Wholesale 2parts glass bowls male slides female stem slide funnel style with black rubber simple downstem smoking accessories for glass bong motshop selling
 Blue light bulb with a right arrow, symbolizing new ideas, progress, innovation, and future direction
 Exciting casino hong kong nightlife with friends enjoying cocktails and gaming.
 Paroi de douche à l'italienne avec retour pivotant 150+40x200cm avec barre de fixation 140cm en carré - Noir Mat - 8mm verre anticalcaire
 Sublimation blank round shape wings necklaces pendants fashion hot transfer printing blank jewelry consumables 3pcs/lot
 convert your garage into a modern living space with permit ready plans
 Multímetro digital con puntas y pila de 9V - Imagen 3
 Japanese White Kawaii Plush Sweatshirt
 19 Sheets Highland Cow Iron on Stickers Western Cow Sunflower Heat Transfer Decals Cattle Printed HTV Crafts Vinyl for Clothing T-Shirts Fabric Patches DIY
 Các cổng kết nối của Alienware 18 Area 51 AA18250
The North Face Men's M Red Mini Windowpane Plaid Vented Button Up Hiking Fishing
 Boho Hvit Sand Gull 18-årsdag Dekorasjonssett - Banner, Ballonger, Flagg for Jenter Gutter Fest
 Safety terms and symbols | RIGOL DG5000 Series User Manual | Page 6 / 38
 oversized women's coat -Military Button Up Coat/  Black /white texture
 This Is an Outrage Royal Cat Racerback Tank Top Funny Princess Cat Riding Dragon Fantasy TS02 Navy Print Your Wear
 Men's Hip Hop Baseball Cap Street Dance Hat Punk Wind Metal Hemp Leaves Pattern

----

→ **Assignment**:
None of the records may be omitted or altered when they are given again.

→ **Response to this task**:
Wholesale 2parts glass bowls male slides female stem slide funnel style with black rubber simple downstem smoking accessories for glass bong motshop selling
 Blue light bulb with a right arrow, symbolizing new ideas, progress, innovation, and future direction
 Exciting casino hong kong nightlife with friends enjoying cocktails and gaming.
 Paroi de douche à l'italienne avec retour pivotant 150+40x200cm avec barre de fixation 140cm en carré - Noir Mat - 8mm verre anticalcaire
 Sublimation blank round shape wings necklaces pendants fashion hot transfer printing blank jewelry consumables 3pcs/lot
 convert your garage into a modern living space with permit ready plans
 Multímetro digital con puntas y pila de 9V - Imagen 3
 Japanese White Kawaii Plush Sweatshirt
 19 Sheets Highland Cow Iron on Stickers Western Cow Sunflower Heat Transfer Decals Cattle Printed HTV Crafts Vinyl for Clothing T-Shirts Fabric Patches DIY
 Các cổng kết nối của Alienware 18 Area 51 AA18250
The North Face Men's M Red Mini Windowpane Plaid Vented Button Up Hiking Fishing
 Boho Hvit Sand Gull 18-årsdag Dekorasjonssett - Banner, Ballonger, Flagg for Jenter Gutter Fest
 Safety terms and symbols | RIGOL DG5000 Series User Manual | Page 6 / 38
 oversized women's coat -Military Button Up Coat/  Black /white texture
 This Is an Outrage Royal Cat Racerback Tank Top Funny Princess Cat Riding Dragon Fantasy TS02 Navy Print Your Wear
 Men's Hip Hop Baseball Cap Street Dance Hat Punk Wind Metal Hemp Leaves Pattern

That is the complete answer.